If there is reticence, it is understandable. For outside powers, if their nationals become part of the Ukrainian war, it means the countries are too, albeit inadvertently. But it is more than that. One of the most compelling reasons given for discouraging British and other nationals from fighting in Syria, Iraq and other countries was the risk that they may join terrorist groups. Yet little has been made of the fact that right-wing extremists and white supremacists have been operating in eastern and other parts of Ukraine for years, some of which fall within the definition of what constitutes a terrorist organisation. Despite this, not much attention has been given to the possibility of foreign fighters becoming radicalised in Ukraine and the risks they may pose on return.
It is too soon to predict how many foreign fighters from western nations will travel to Ukraine and how they will be treated on their return, but it will be telling if they are given a hero’s welcome rather than arrested and considered threats in the same way many Muslim men have been. Or worse, if they are stripped of their citizenship.
The nature of the response to millions of innocent Ukrainians being subjected to unspeakable horrors in the hands of the despotic megalomaniac that is Vladimir Putin compared with the sufferings of those further afield is notable. It ranges from the degree of sympathy for refugees crossing into countries such as Poland and Hungary, to the sheer disbelief that ‘white’ ‘blue-eyed’ people can suffer such atrocities. The attitude towards of foreign fighters heading for Ukraine is another aspect of this prevailing wider demonstration of double standards.
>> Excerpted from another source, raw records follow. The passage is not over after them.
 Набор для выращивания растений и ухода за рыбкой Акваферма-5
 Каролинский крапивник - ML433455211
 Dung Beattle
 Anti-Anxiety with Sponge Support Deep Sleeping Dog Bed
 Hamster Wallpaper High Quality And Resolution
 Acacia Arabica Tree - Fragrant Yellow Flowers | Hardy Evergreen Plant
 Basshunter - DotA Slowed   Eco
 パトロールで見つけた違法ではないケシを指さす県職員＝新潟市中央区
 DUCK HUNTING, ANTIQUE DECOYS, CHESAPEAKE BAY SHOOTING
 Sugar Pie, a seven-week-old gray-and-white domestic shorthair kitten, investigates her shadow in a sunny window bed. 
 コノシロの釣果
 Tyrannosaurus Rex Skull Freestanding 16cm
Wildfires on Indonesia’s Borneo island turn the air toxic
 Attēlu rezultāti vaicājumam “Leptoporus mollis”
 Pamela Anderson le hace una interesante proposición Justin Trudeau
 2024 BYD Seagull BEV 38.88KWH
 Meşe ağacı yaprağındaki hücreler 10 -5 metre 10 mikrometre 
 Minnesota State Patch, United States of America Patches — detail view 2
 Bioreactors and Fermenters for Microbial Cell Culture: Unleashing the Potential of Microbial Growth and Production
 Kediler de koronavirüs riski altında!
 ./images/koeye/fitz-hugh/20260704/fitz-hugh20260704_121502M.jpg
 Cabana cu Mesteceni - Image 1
Kamal told me he believed he was stripped of his citizenship because he is Muslim, pointing to the fact that there was no evidence against him. He also told me he believed that while fighting in the name of defending the western values of democracy is considered acceptable by the West, a presumed motivation based on the Islamic ideology of justice is not. Given the muted response by some nations at the prospect of foreign fighters heading for Ukraine, one can’t help but think he has a point.